To the Barricades, Vol. 32

With this exception of lighting designer Alan Roberts and music director Susan Lexa, the artistic team of the Keyano Theatre Company production of Les Mis has scattered to places far removed from Fort McMurray.  Costume designer Tiffany Bishop is somewhere in California.  Set designer Jason Bolen is back on his home turf of Manhatten in New York City.  And Claude Giroux is enjoying the pastoral life of rural Hawaii, doing some work with a theatre on the Big Island.
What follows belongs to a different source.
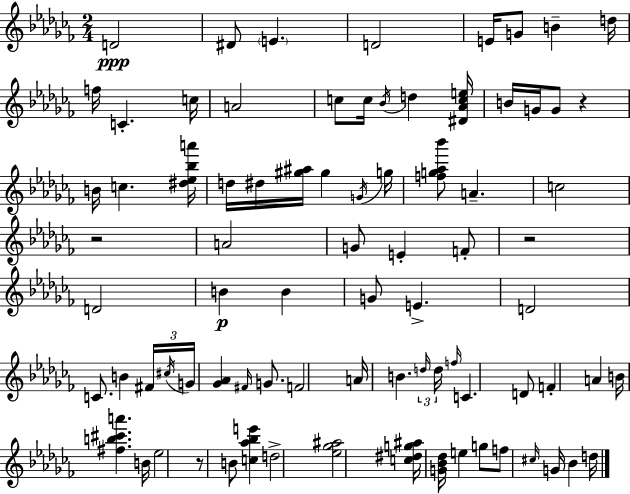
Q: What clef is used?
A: treble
Keyano College photographer/videographer Sean McLennan, working with theatre publicist Misty Oakes (also playing Eponine), has published a series of videos about different aspects of the production and how they all came together to result in the show that thousands are enjoying right now.


A dear friend and an angel with sewer's tape always around her neck, Tiffany talks about the scope and scale of costuming a large group of people, the amazing work of Melissa Mitchell and numerous volunteers, and why she loves designing shows at Keyano.


I'm not sure you can find enough superlatives for this set.  It is equally haunting as it is beautiful.  Functional and adaptable, within seconds the audience is transported from the seedy docks to the rowdy inn and various other locations. One of the most naturally funny and engaging set designers I've ever met, I hope this is the beginning of a very long friendship with Jason Bolen.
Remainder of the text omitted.